A cama de gato de Haraway é tecida nos entremeios das habilidades dos nós que fazemos a partir dos fios puxados para a composição e das práticas tecnocientíficas orientadas ao florescimento de alguns mundos. Ela adverte que nem sempre é possível repetir padrões interessantes, mas ressalta a importância de uma habilidade analítica incorporada, que nos faça descobrir os padrões e que resulte de forma intrigante a novos modos de existir e de jogar. Ao admitir que o jogo é realizado por jogadoras ao redor do mundo, destaca que os jogos e suas maneiras de ser jogado têm considerável significância cultural. Dessa forma, Haraway é enfática ao escrever: "Cama de gato é ao mesmo tempo, local e global, distribuído e amarrado juntos" (Haraway, 1994, p. 70, tradução nossa).

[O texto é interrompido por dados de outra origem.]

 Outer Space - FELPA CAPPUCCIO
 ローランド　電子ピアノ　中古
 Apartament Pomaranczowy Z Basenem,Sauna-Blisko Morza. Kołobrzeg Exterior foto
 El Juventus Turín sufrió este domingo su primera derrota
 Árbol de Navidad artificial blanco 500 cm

Como se aprende a jogar a cama de gato? Por que nos interessa entender nossas articulações com o Estado associadas às figurações desse jogo?

A cama de gato é, sobretudo, um jogo matemático sobre práticas complexas e colaborativas para se fazer e com o objetivo de fazer passar padrões culturais interessantes: "A cama de gato não pertence a ninguém, a nenhuma cultura ou a nenhum sujeito ou objeto congelado. Cama de gato é um maravilhoso jogo para se desmistificar noções como posições do sujeito e campos de discurso" (Haraway, 1994, p. 70, tradução nossa).

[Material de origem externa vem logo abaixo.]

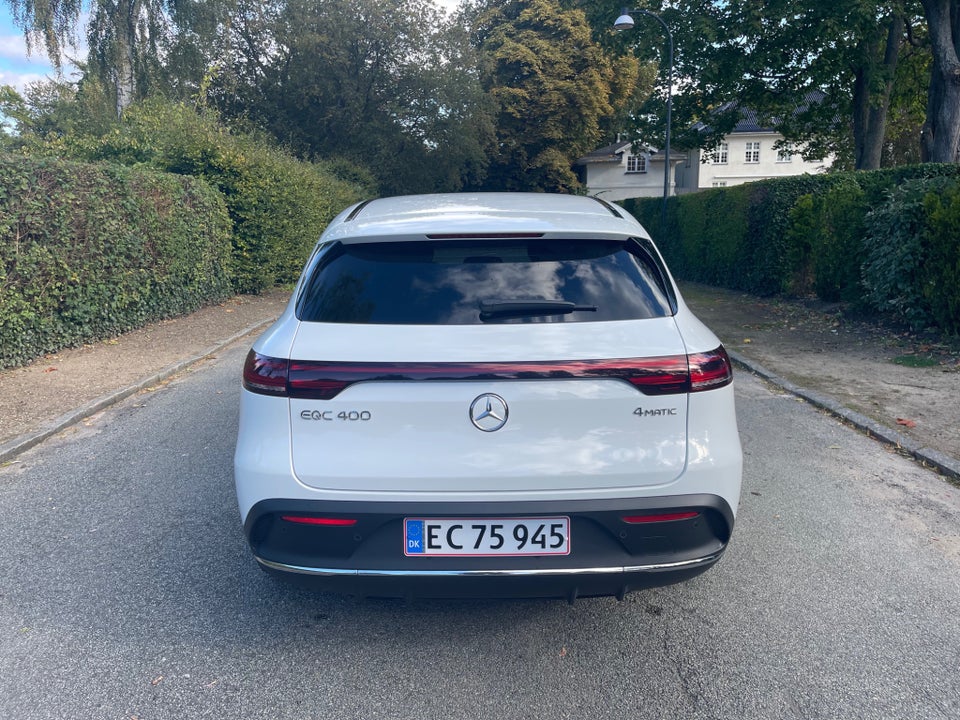 Mercedes EQC400 AMG Line 4Matic 5d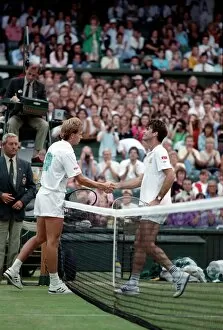 Images Dated 5th July 1989: All England Lawn Tennis Championships at Wimbledon Mens Singles Quarter Final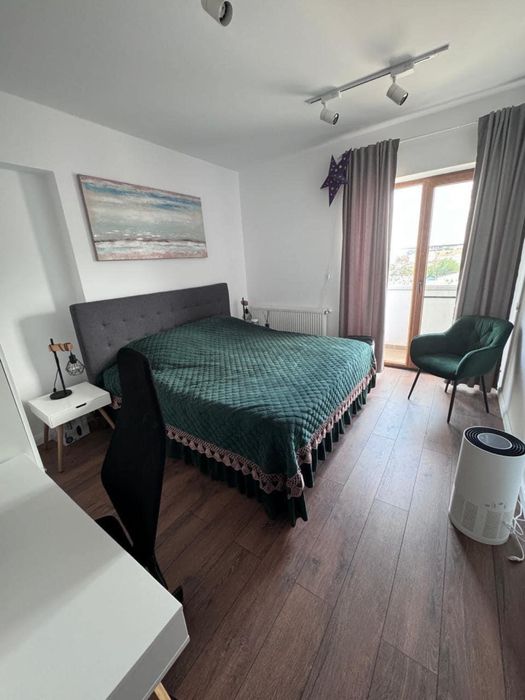 Apartament 3 camere premium | 82 mp + balcon 10 mp | 2 parcări Klauss | mobilat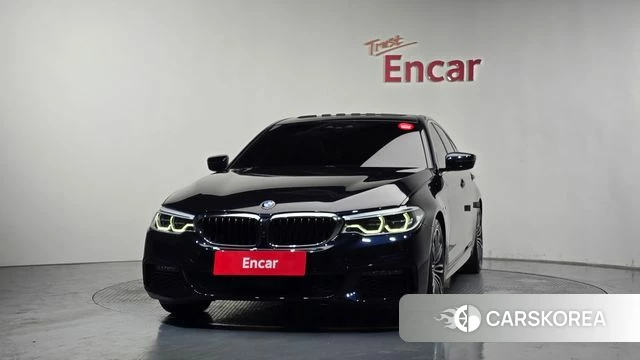 BMW 5 Series (G30) id 4557614 из Кореи 23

O jogo de cama de gato nos faz pensar teorização e ativismos que não se localizam nos jogos militarizados de encontros agonísticos infindáveis e nas tentativas de força de uns sobre as outras. Fazer uma figura de cordas exige cuidado e atenção, um jogo delicado e arriscado, sempre prestes a se desfazer... A cama de gato está para ser pensada, repensada, experimentada e desejada até onde nossas ideias possam conquistar novas configurações nos espaços que queremos ocupar coletivamente. Cama de gato é sobre não estar sozinha nas instituições, majoritariamente, científicas masculinistas.

É necessário questionar o lugar antropocêntrico, que coloca o ser humano, homem, branco, europeu e heterosexual no lugar de privilégio. Por isso, convoca-se neste artigo à construção de psicologias feministas e antirracistas, conjugando o não-lugar irrepresentável (Irigaray, 1984) e invisível da mulher, ao acrescentar-se aqui outras categorias irrepresentáveis com a figura do ciborgue.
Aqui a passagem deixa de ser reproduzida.